If they refused cover for on road parking they wouldn't do any business in Portsmouth. Off road parking is as rare as rocking horse s**t. I think there must be 30 vans within a quarter of a mile of my home.


----------



## peter palance (Apr 3, 2019)

*car*



antiquesam said:


> I've tried using the comparison sites, but they seem to be incapable of doing anything vaguely specialist. I saw a website for Asda and Tesco but kind of discounted them for the same reason, but will add them to the list.



my car is with tesco until renew-hell, here looking at you babe, hope you get it wright,peases bee with you ,ok,pj


----------



## antiquesam (Apr 3, 2019)

peter palance said:


> my car is with tesco until renew-hell, here looking at you babe, hope you get it wright,peases bee with you ,ok,pj



Thanks, but this is an old thread. I sorted it between Xmas and New Year. In the main I found the smaller brokers the most amenable to a deal, both for the car and van.


----------



## alcam (Apr 3, 2019)

POI Admin said:


> Not my experience ... Several were not prepared to quote.
> 
> This may be postcode related of course, and insurers do change their approach.
> 
> The only option is to ring around and ask.



Yes that's my previous experience . Was hoping to narrow down the list  . Apart from existing insurers only other I know is Safeguard


----------



## antiquesam (Apr 3, 2019)

alcam said:


> Yes that's my previous experience . Was hoping to narrow down the list  . Apart from existing insurers only other I know is Safeguard



Lancaster, AIB, Adrian Flux, Carole Nash and Staysure were all happy to quote. They were all within a tenner of each other until Lancaster was prepared to do a deal knocking Forty quid off his original offer. Must have been a thin month for him.


----------



## alcam (Apr 3, 2019)

antiquesam said:


> Lancaster, AIB, Adrian Flux, Carole Nash and Staysure were all happy to quote. They were all within a tenner of each other until Lancaster was prepared to do a deal knocking Forty quid off his original offer. Must have been a thin month for him.

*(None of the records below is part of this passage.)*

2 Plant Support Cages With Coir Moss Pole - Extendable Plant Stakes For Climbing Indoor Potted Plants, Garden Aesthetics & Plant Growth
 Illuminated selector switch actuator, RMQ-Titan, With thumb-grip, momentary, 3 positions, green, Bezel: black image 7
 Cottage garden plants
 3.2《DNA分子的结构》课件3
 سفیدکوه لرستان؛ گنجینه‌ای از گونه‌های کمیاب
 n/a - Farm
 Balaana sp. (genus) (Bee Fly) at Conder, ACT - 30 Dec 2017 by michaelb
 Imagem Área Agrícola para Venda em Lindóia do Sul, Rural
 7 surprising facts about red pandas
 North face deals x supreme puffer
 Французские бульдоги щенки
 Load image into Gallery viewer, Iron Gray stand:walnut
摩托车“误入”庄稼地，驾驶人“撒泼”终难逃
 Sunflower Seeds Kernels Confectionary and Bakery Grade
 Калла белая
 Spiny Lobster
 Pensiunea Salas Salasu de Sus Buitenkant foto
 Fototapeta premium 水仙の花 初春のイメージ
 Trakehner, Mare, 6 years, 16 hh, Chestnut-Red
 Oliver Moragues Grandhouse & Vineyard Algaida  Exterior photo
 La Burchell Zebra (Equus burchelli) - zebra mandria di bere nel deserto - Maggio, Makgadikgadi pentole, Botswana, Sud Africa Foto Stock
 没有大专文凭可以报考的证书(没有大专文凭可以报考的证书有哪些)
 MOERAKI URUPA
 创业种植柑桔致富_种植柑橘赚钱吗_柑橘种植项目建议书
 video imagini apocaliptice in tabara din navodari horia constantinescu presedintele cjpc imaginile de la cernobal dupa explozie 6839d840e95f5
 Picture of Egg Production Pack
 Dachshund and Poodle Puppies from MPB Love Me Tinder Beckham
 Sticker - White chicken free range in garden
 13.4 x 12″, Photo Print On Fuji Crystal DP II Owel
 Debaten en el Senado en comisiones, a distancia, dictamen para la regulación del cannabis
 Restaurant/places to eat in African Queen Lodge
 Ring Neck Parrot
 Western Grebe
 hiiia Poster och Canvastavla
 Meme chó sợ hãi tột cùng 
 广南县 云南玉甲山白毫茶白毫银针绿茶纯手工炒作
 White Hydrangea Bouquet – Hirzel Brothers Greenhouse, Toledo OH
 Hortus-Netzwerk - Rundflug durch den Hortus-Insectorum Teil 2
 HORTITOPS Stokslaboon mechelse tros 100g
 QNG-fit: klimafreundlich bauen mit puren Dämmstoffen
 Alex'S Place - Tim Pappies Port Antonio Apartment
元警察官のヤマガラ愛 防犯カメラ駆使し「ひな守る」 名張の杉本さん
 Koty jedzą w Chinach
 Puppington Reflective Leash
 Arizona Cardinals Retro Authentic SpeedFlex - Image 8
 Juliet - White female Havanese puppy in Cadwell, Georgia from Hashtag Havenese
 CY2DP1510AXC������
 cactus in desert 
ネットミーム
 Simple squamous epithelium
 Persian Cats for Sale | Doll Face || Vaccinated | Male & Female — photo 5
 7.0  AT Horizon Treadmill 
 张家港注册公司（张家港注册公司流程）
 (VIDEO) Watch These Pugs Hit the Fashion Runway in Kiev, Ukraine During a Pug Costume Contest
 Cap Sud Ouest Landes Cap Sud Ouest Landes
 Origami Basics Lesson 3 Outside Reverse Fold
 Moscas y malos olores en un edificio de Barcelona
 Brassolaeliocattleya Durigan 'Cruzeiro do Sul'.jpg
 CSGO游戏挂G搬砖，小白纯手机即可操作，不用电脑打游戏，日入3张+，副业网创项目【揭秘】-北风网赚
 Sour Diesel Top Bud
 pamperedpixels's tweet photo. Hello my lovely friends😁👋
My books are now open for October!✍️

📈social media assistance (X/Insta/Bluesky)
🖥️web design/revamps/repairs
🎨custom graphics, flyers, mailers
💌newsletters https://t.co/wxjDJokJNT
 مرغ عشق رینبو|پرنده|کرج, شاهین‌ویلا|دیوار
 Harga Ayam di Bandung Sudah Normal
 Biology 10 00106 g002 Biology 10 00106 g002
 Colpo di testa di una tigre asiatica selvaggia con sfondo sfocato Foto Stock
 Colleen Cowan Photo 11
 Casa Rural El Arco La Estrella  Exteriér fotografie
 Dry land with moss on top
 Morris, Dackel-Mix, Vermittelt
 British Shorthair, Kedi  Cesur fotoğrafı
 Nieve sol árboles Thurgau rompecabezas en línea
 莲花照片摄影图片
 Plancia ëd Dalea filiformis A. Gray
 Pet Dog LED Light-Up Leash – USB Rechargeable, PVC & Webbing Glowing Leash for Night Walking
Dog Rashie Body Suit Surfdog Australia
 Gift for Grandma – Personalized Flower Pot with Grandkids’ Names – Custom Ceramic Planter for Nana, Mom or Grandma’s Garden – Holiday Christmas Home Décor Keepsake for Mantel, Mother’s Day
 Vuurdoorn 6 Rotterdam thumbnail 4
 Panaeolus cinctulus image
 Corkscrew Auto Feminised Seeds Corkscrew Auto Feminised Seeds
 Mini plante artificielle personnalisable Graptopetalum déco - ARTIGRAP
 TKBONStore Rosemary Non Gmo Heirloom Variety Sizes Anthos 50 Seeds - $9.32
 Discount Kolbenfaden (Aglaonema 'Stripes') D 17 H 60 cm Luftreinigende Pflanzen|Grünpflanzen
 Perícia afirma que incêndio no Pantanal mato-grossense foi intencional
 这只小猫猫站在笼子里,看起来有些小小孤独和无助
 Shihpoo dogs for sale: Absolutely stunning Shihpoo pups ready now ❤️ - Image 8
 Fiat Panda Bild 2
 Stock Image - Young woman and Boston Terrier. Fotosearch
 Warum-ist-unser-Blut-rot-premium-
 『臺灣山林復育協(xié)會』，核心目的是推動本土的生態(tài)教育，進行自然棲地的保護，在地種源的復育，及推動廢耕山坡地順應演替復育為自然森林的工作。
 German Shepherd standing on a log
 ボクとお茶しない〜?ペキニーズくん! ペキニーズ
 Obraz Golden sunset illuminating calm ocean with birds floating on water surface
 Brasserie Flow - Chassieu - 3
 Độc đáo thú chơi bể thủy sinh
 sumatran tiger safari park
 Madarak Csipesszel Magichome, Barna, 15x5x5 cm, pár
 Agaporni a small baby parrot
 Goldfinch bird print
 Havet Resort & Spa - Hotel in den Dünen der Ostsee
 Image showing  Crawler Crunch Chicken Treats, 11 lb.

Ok thanks , narrows it down a bit . I'm with Adrian flux at present . Will try the rest , though AIB knocked me  back the last 3 years


----------



## antiquesam (Apr 3, 2019)

alcam said:


> Ok thanks , narrows it down a bit . I'm with Adrian flux at present . Will try the rest , though AIB knocked me  back the last 3 years



There must surely be more than just on road parking affecting your insurance. Have you got a gold plated van encrusted with diamonds or something?


----------



## alcam (Apr 4, 2019)

antiquesam said:


> There must surely be more than just on road parking affecting your insurance. Have you got a gold plated van encrusted with diamonds or something?




No it's the on street parking that is the problem . Many companies just don't do it


----------